→ TASK DIRECTIONS: Below are some records; output all of them exactly.

→ Dataset excerpts:
####################

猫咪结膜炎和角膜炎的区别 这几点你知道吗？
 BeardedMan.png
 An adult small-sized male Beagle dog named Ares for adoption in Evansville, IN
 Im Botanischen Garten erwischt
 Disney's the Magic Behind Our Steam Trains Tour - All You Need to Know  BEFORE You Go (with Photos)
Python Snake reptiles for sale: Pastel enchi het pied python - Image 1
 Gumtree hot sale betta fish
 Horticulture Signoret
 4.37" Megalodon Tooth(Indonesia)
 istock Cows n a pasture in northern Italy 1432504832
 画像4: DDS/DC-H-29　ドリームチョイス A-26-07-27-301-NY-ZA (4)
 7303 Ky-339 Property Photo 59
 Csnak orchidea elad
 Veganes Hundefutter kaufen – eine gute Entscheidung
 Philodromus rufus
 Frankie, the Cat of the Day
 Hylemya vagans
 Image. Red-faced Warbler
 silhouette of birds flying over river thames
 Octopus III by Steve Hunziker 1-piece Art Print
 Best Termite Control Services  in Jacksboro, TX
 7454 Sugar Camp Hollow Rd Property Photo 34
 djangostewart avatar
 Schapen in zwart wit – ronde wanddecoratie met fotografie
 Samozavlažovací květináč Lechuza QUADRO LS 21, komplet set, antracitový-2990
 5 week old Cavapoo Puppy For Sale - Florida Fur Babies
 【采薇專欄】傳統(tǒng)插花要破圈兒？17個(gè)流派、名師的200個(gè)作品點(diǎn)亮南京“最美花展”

####################

→ SOLUTION TO THIS TASK:
猫咪结膜炎和角膜炎的区别 这几点你知道吗？
 BeardedMan.png
 An adult small-sized male Beagle dog named Ares for adoption in Evansville, IN
 Im Botanischen Garten erwischt
 Disney's the Magic Behind Our Steam Trains Tour - All You Need to Know  BEFORE You Go (with Photos)
Python Snake reptiles for sale: Pastel enchi het pied python - Image 1
 Gumtree hot sale betta fish
 Horticulture Signoret
 4.37" Megalodon Tooth(Indonesia)
 istock Cows n a pasture in northern Italy 1432504832
 画像4: DDS/DC-H-29　ドリームチョイス A-26-07-27-301-NY-ZA (4)
 7303 Ky-339 Property Photo 59
 Csnak orchidea elad
 Veganes Hundefutter kaufen – eine gute Entscheidung
 Philodromus rufus
 Frankie, the Cat of the Day
 Hylemya vagans
 Image. Red-faced Warbler
 silhouette of birds flying over river thames
 Octopus III by Steve Hunziker 1-piece Art Print
 Best Termite Control Services  in Jacksboro, TX
 7454 Sugar Camp Hollow Rd Property Photo 34
 djangostewart avatar
 Schapen in zwart wit – ronde wanddecoratie met fotografie
 Samozavlažovací květináč Lechuza QUADRO LS 21, komplet set, antracitový-2990
 5 week old Cavapoo Puppy For Sale - Florida Fur Babies
 【采薇專欄】傳統(tǒng)插花要破圈兒？17個(gè)流派、名師的200個(gè)作品點(diǎn)亮南京“最美花展”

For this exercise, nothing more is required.